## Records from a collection

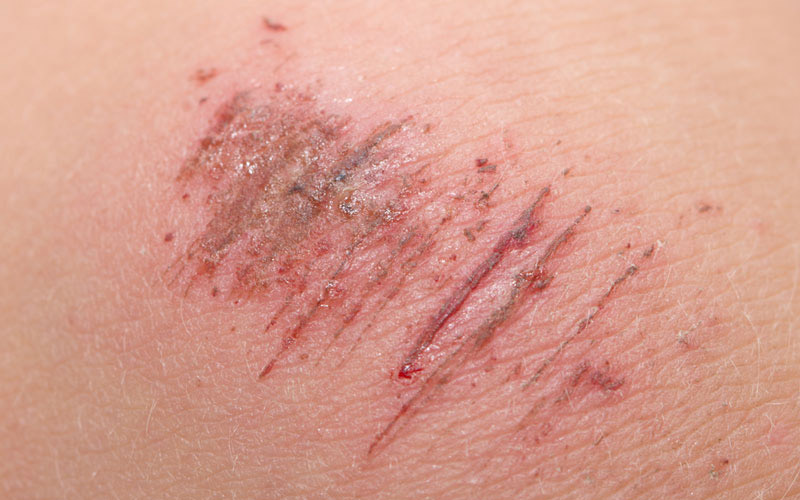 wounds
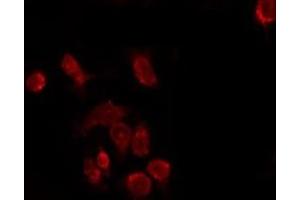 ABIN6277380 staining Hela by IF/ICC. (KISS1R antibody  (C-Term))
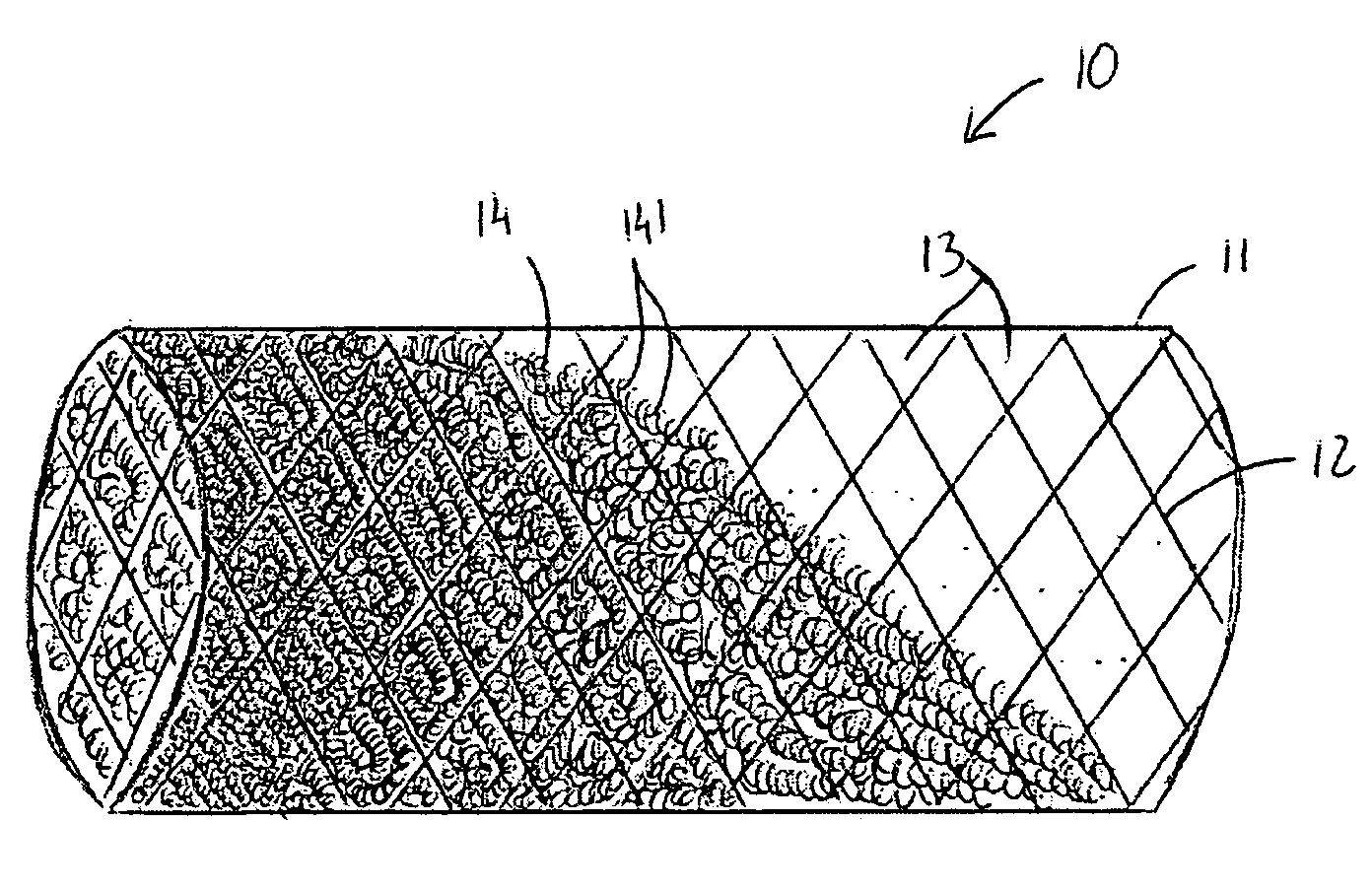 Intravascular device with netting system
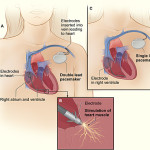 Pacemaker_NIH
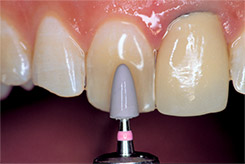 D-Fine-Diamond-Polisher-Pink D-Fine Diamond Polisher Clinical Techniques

## Work instruction
Restate every record above word for word, without images.

## Exercise output
 wounds
 ABIN6277380 staining Hela by IF/ICC. (KISS1R antibody  (C-Term))
 Intravascular device with netting system
 Pacemaker_NIH
 D-Fine-Diamond-Polisher-Pink D-Fine Diamond Polisher Clinical Techniques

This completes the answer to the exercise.